Fig 8. Comparison of model performance against baseline deep learning methods.
In absolute terms, Ours (full) achieves a reduction of 5.198 in MAE, 4.875 in MAPE, and 5.016 in SMAPE relative to ML models. When compared to DL models, the reductions remain significant but smaller, with decreases of 0.370 in MAE, 0.345 in MAPE, and 0.347 in SMAPE. Additionally, Ours (full) reduces NRMSE by 4.279 compared to ML models, representing a substantial improvement. When compared to DL models, the improvement remains significant, with a reduction of 0.325.

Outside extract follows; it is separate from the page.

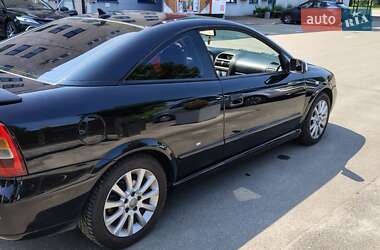 Купе Opel Astra 2004 в 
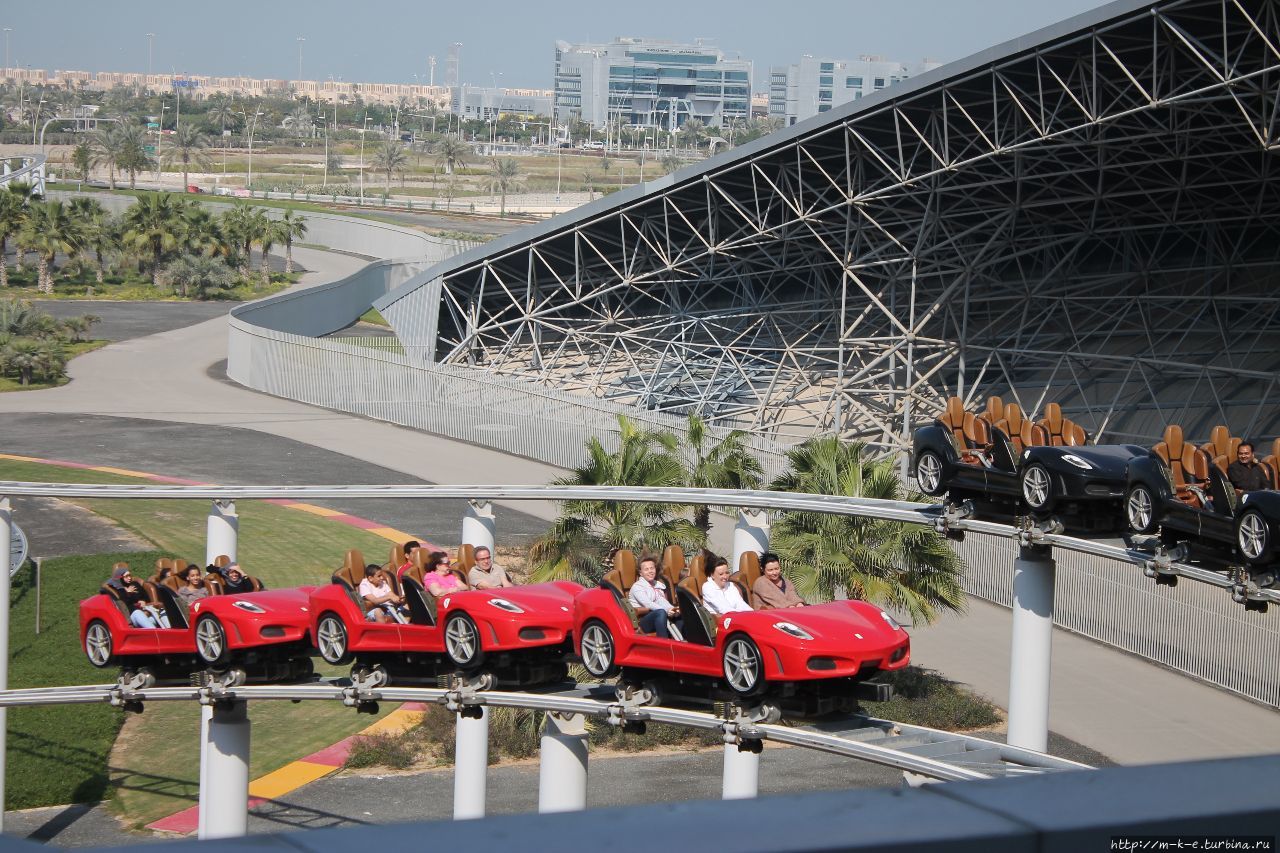 Яс парк. Парк аттракционов Ferrari World в Абу-Даби. Феррари парк Абу Даби аттракционы. Ferrari World Абу-Даби аттракционы. Феррари парк Дубай аттракционы.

These results highlight the superiority of Ours (full), particularly against ML models, where the reduction exceeds 96% on average. Even in comparison to DL models, the model achieves a notable 66% improvement in RMSE.
As shown in Table 6, the Wilcoxon Signed-Rank test [62] results indicate that the null hypothesis, which assumes no difference in RMSE performance between our model and the compared models, is rejected at a significance level below 0.05.
Table 6. Wilcoxon Signed Rank test results.
| Model | p-value |
|---|---|
| AttentionLSTM | 0.037 |
| GRU | 0.037 |
| LSTM | 0.037 |
| FFNN | 0.037 |
5.2. Discussion
5.2.1. Ablation study: Contribution of key components.
The impact of individual components (CPI-multi, sentiment index, and data augmentation) is analyzed through ablation studies, as presented in Table 5. Fig 9 shows that the fully configured CNN-LSTM model we propose produces forecast values that align more closely with the actual values compared to ablated models.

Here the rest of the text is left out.